*** Opening of Records provided ***
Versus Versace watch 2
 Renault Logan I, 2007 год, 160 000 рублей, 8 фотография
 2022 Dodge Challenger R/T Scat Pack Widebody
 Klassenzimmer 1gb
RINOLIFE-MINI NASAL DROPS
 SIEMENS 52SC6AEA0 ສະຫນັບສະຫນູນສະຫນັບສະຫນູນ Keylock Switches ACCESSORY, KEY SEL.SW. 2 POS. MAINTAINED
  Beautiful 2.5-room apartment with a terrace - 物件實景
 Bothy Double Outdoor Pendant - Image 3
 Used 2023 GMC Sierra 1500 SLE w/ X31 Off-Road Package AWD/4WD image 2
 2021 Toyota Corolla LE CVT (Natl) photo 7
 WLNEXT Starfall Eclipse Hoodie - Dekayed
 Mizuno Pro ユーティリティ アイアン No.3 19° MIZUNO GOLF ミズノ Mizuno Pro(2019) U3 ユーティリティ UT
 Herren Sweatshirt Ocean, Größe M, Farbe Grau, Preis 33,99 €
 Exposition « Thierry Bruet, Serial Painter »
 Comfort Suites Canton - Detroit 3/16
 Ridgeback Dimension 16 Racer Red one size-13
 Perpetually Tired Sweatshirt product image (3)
*** Close of Records provided ***
Copy exactly the line that contains "Bothy Double Outdoor Pendant - Image 3" and every line after it through the end of the entries, with nothing added.

 Bothy Double Outdoor Pendant - Image 3
 Used 2023 GMC Sierra 1500 SLE w/ X31 Off-Road Package AWD/4WD image 2
 2021 Toyota Corolla LE CVT (Natl) photo 7
 WLNEXT Starfall Eclipse Hoodie - Dekayed
 Mizuno Pro ユーティリティ アイアン No.3 19° MIZUNO GOLF ミズノ Mizuno Pro(2019) U3 ユーティリティ UT
 Herren Sweatshirt Ocean, Größe M, Farbe Grau, Preis 33,99 €
 Exposition « Thierry Bruet, Serial Painter »
 Comfort Suites Canton - Detroit 3/16
 Ridgeback Dimension 16 Racer Red one size-13
 Perpetually Tired Sweatshirt product image (3)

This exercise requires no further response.